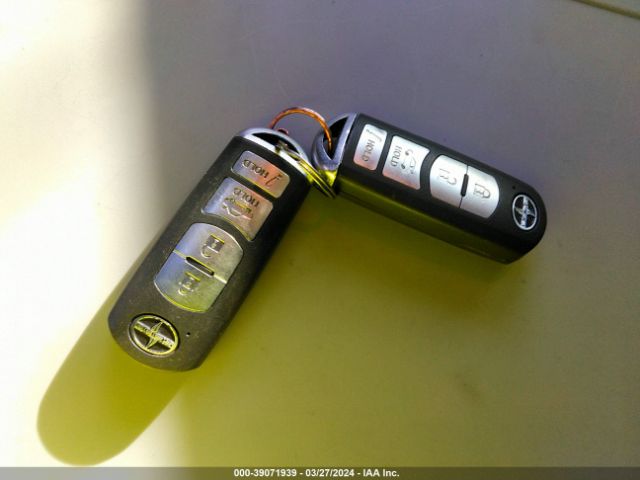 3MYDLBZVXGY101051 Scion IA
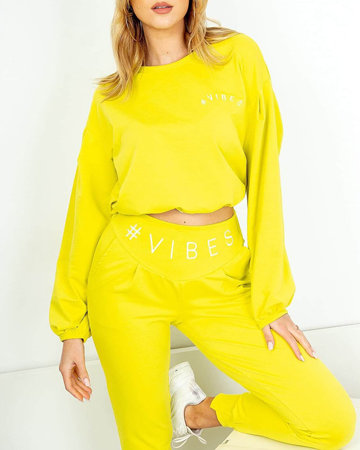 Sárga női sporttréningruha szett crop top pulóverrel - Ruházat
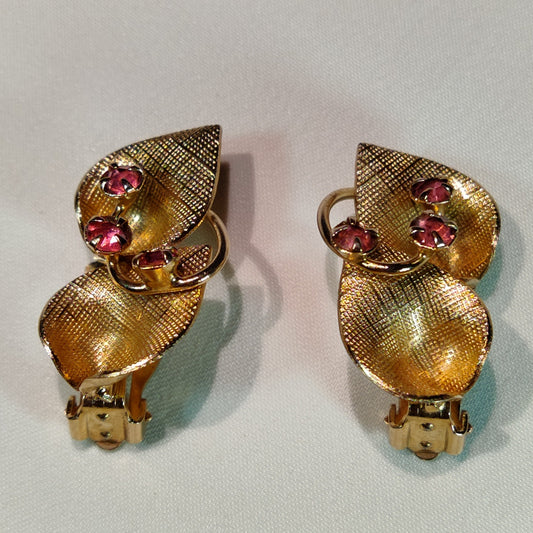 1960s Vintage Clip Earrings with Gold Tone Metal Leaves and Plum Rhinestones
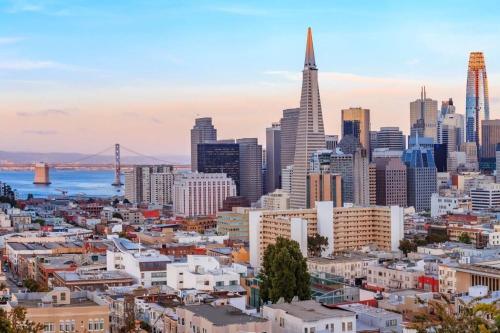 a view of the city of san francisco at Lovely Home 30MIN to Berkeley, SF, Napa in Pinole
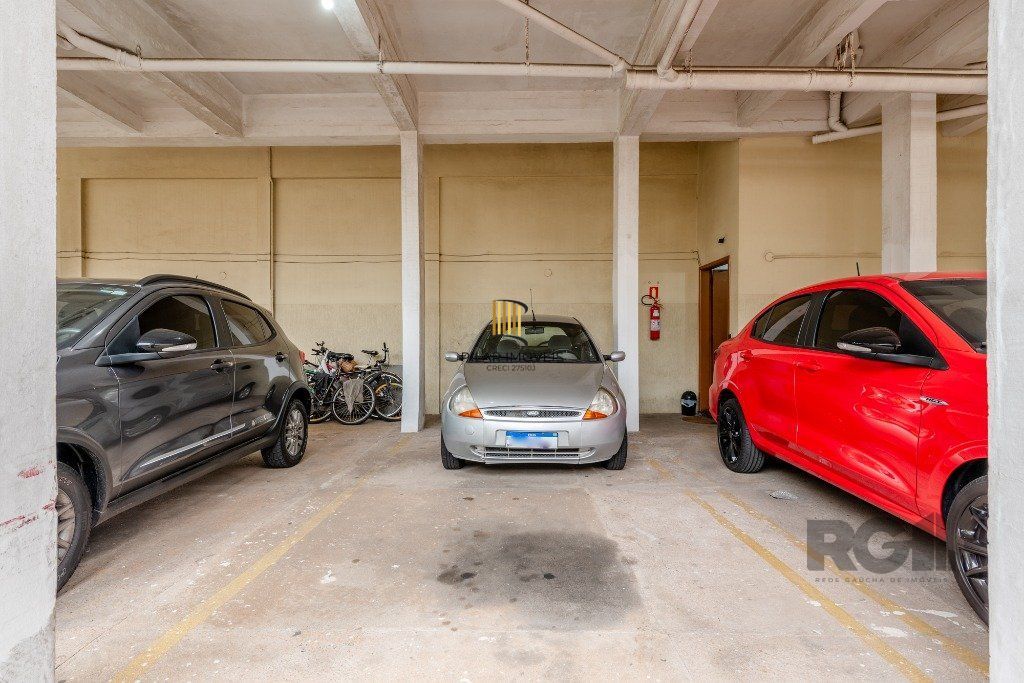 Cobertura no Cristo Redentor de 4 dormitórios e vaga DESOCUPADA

----

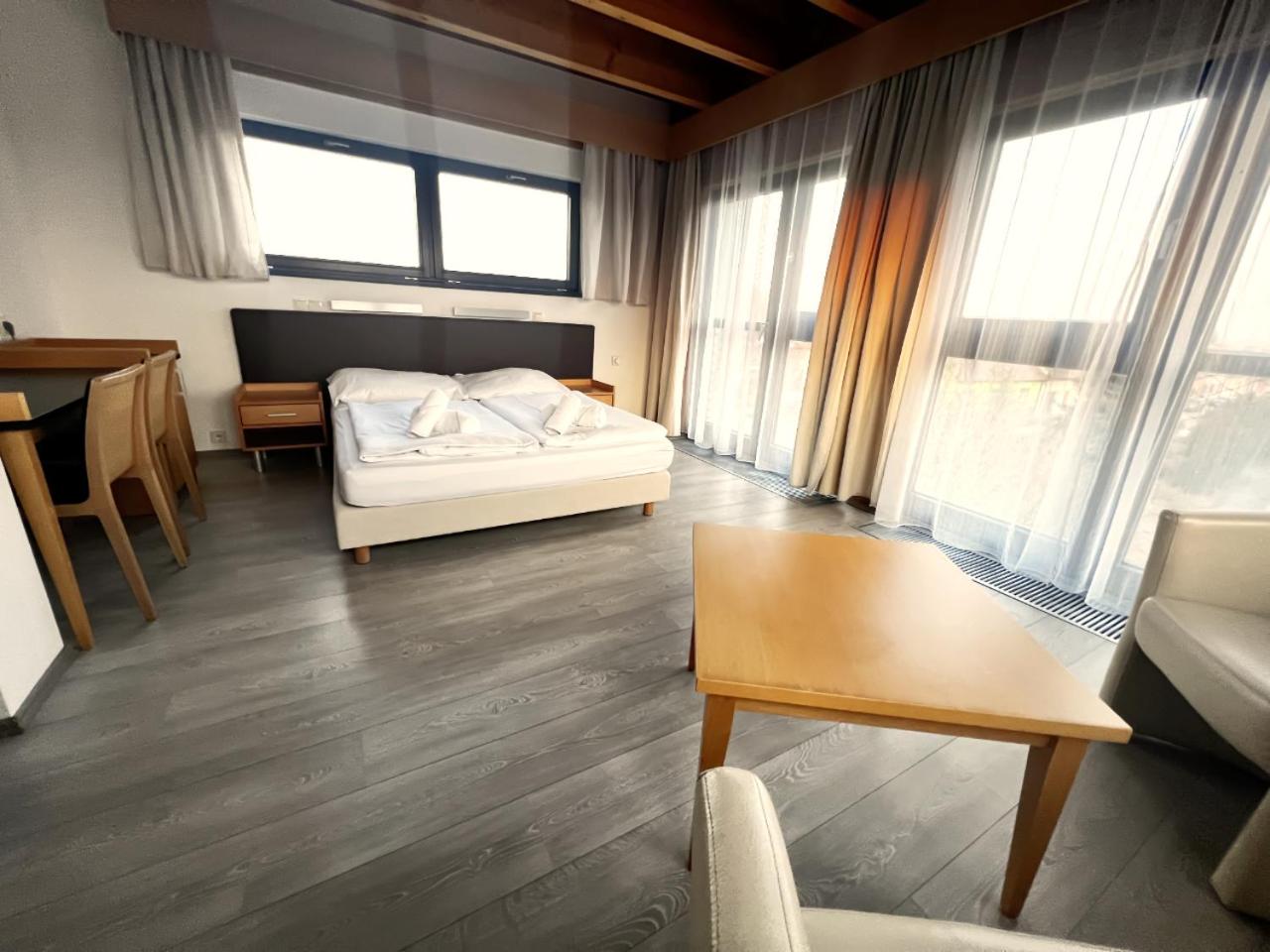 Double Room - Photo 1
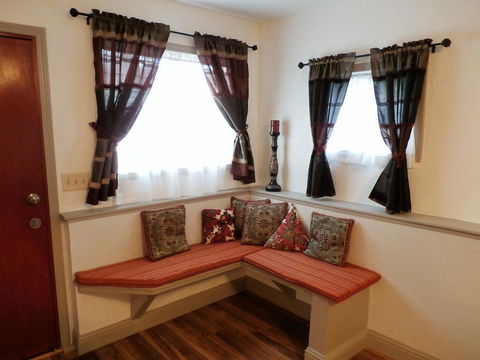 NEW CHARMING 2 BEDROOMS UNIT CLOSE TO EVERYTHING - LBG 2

----

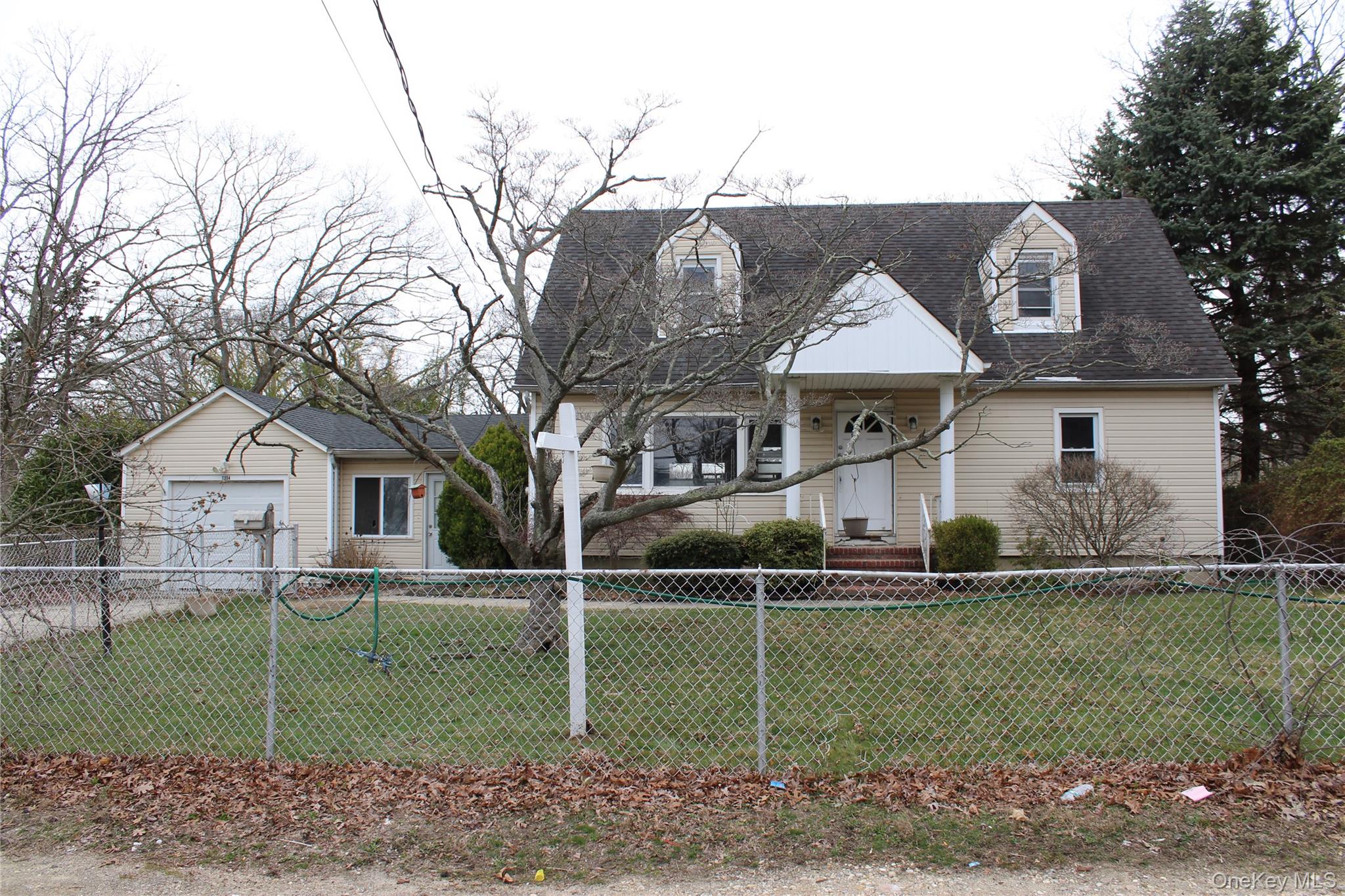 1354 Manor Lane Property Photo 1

----

◆ What you should do
Please set down, exactly and with no pictures, the lines in the entries above starting at the one holding "Sárga női sporttréningruha" and ending at the one holding "Cobertura no Cristo", ends included.

◆ Output of the exercise
 Sárga női sporttréningruha szett crop top pulóverrel - Ruházat
 1960s Vintage Clip Earrings with Gold Tone Metal Leaves and Plum Rhinestones
 a view of the city of san francisco at Lovely Home 30MIN to Berkeley, SF, Napa in Pinole
 Cobertura no Cristo Redentor de 4 dormitórios e vaga DESOCUPADA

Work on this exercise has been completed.